Эти факты, рассматривавшиеся на открытом судебном заседании, попали в труды историков, а менестрели, сочтя их неинтересными, не упоминали о них в песнях и рассказах. Их больше занимало исчезновение Ричарда, и почти неизменно все они пели о кораблекрушении. Это понятно, потому что Ричард отплыл из Акры с явным намерением добраться морем до Англии. Хьюберт Уолтер, а также все те, кто пришел попрощаться с ним в тот печальный вечер (они же отрицали факт преднамеренной «секретности» поспешного отплытия), считали, что он направлялся в один из своих пяти портов. Потом король исчез, и снова о нем услышали, когда он уже находился в центре Европы. Почему? Ответ был прост: он стал жертвой кораблекрушения. Длительное время — во всяком случае, пока я не сделал это сам — никто, кроме капитана «Святого Иосифа» и его команды, не мог опровергнуть эту версию, и к тому времени передававшиеся из уст в уста песни повсеместно распространили ее. «Увы, у скалистых берегов Истрии разразился страшный шторм…» — пели менестрели и миннезингеры.

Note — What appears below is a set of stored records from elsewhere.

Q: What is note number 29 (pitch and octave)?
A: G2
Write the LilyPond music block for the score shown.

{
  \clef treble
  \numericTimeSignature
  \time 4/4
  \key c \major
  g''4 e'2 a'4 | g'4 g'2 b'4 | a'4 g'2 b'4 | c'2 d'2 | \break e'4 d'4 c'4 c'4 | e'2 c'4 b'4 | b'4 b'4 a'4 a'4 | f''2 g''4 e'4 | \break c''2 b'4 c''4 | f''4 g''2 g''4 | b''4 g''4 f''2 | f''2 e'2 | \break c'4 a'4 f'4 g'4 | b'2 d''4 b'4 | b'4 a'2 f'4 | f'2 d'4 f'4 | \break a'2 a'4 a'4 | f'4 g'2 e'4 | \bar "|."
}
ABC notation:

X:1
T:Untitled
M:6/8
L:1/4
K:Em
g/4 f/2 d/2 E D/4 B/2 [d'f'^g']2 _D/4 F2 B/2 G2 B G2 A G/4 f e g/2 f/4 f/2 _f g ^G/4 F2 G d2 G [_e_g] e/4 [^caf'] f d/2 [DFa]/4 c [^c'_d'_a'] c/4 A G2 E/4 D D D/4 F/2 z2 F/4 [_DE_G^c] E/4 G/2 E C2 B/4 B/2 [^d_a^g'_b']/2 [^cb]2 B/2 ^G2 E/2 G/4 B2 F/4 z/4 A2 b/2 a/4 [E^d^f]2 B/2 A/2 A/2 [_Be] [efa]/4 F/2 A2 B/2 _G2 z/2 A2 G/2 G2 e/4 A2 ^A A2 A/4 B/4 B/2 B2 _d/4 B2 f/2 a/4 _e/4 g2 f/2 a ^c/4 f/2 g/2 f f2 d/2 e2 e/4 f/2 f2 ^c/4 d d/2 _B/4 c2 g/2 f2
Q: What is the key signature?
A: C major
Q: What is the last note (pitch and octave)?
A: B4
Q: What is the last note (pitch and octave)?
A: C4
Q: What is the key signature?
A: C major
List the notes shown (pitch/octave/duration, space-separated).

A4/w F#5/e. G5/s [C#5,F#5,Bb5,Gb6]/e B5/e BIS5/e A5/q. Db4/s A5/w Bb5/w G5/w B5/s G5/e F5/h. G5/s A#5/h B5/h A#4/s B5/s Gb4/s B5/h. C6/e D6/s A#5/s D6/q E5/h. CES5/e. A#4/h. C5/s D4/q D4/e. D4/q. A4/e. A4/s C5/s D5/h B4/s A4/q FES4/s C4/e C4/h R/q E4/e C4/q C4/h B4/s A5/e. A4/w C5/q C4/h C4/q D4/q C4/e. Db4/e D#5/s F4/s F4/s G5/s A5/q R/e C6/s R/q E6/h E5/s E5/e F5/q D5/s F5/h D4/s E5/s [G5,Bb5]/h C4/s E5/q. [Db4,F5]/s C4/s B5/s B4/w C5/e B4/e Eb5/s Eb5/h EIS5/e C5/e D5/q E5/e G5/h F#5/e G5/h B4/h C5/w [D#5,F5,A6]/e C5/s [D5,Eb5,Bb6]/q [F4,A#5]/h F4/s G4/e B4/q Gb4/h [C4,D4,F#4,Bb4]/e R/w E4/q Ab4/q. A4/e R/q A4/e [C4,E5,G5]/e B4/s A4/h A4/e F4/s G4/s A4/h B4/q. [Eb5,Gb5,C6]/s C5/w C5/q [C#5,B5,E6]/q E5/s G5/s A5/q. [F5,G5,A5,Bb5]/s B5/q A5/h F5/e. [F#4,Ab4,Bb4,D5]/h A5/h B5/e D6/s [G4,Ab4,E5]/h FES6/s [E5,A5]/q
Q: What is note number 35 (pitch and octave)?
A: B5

В действительности же мы в золотом октябре, при тихой погоде, доплыли до Силиции, где купили лошадей и провизию и без промедления поехали дальше.

Это был любопытный и во многом приятный эпизод. Путешествие всегда словно прерывало мои мысли и чувства. Я шел, плыл, ехал как существо, оторванное от своих корней, человек без прошлого и будущего, живя — так, на мой взгляд, живут лишь истинно счастливые люди — настоящим моментом. Я понял это, когда ездил верхом со Стивеном, а потом при переходах по Святой земле. Мысли одолевают меня только во время остановок и привалов, и если они становятся слишком невыносимыми, у меня немедленно возникает стремление двигаться дальше. Поэтому — и не только поэтому — наше путешествие оказалось превосходным.

Местность была дикой и пустынной, но очень красивой, и те немногочисленные люди, у которых мы покупали еду и лошадей, не проявляли ни малейшего недружелюбия. Вражда отошла в прошлое, а торговля между западом и Святой землей на протяжении жизни двух поколений была достаточно оживленной, и местные жители понимали, что мертвый паломник или крестоносец не только не приносят дохода, но и отпугивают других путешественников, а также порой вызывают резкие ответные действия. Лучше улыбаться, чем враждовать, и продавать нужные людям товары по высокой цене.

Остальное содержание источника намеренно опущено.